Recent research has shown that making even a simple plan increases the likelihood that a person will follow through, Dr. Rogers, of Harvard, said.

In my lessons on self-control and on grit, students develop alternative plans — “If I feel like throwing a paper wad and Johnny, I’ll instead remember the time he helped me with my homework.”

Another technique some volunteers said they used was to inform supporters that others in their neighborhood were planning to vote. Again, recent research shows that this kind of message is much more likely to prompt people to vote than traditional campaign literature that emphasizes the negative — that many neighbors did not vote and thus lost an opportunity to make a difference.

This kind of approach trades on a human instinct to conform to social norms, psychologists say.
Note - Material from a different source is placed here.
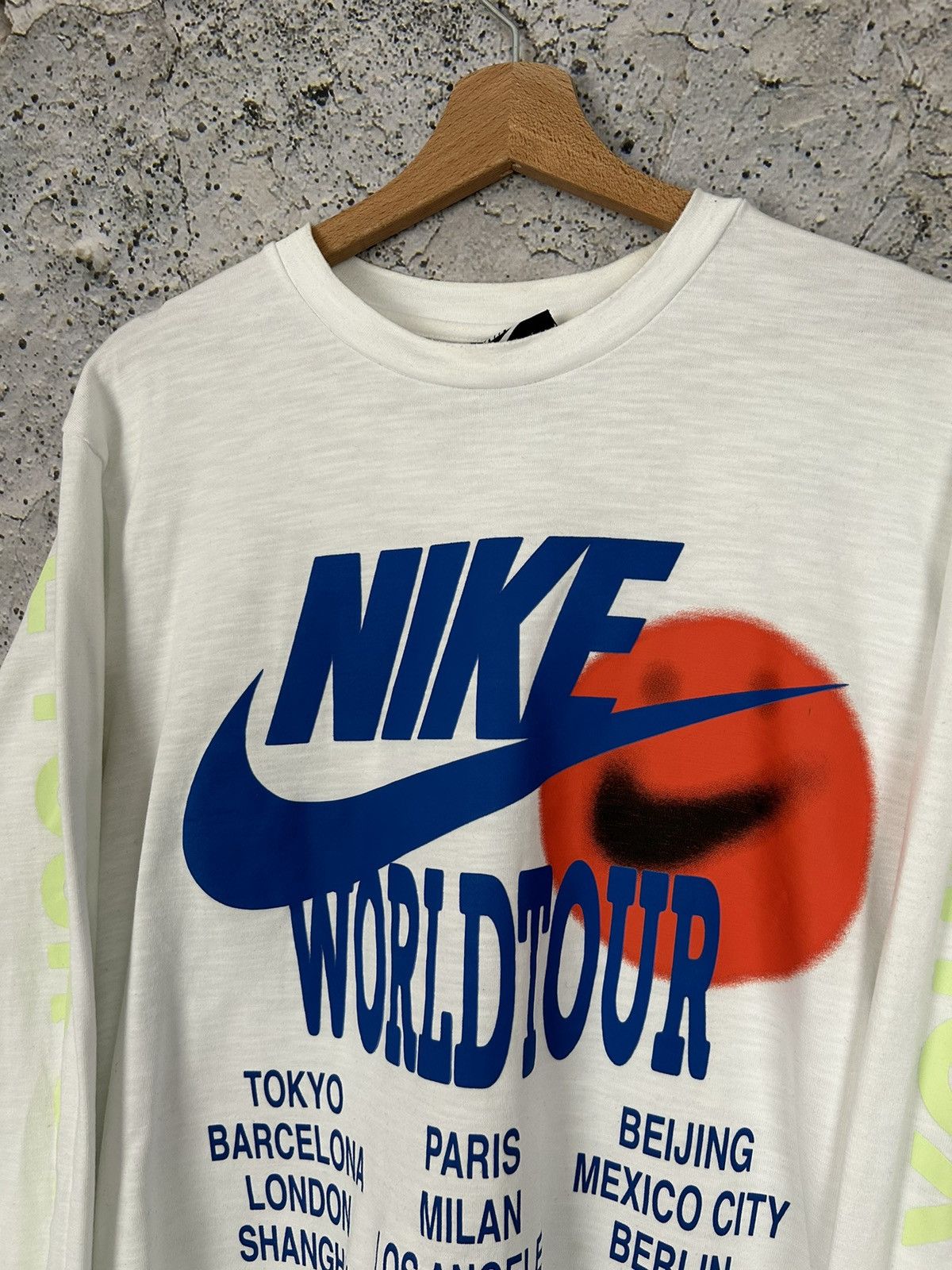 Nike Nike World Tour Graphic Crewneck Streetwear Sportswear Rare Size US L / EU 52-54 / 3 - 3 Thumbnail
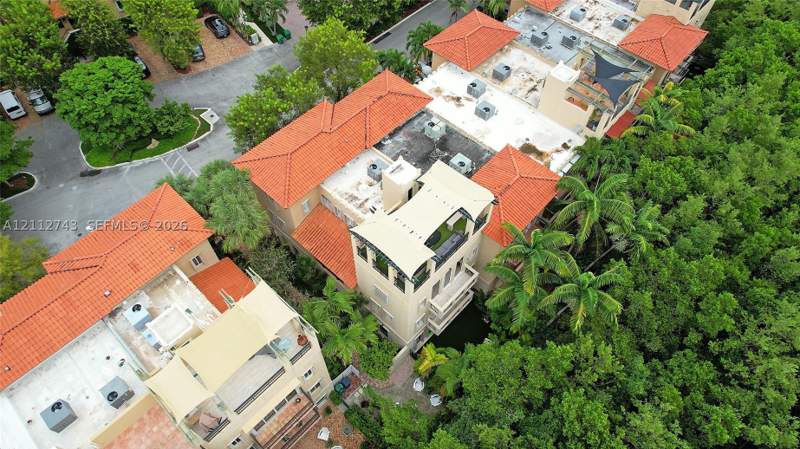 4 bedroom Townhouse at 6157 Paradise Point Dr, Royal Harbour Yacht Club, Palmetto Bay — photo 4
In another well-known experiment, Dr. Cialdini and two colleagues tested how effective different messages were in getting hotel guests to reuse towels. The message “the majority of guests reuse their towels” prompted a 29 percent increase in reuse, compared with the usual message about helping the environment. The message “the majority of guests in this room reuse their towels” resulted in a 41 percent increase, he said.

One way I’ve applied this research is by putting a color label on the books in my classroom library that have been most popular over the years, and keeping the very most popular ones in a box behind my desk. Being able to truthfully tell my students that these have been popular in the past definitely makes them more interested in reading them.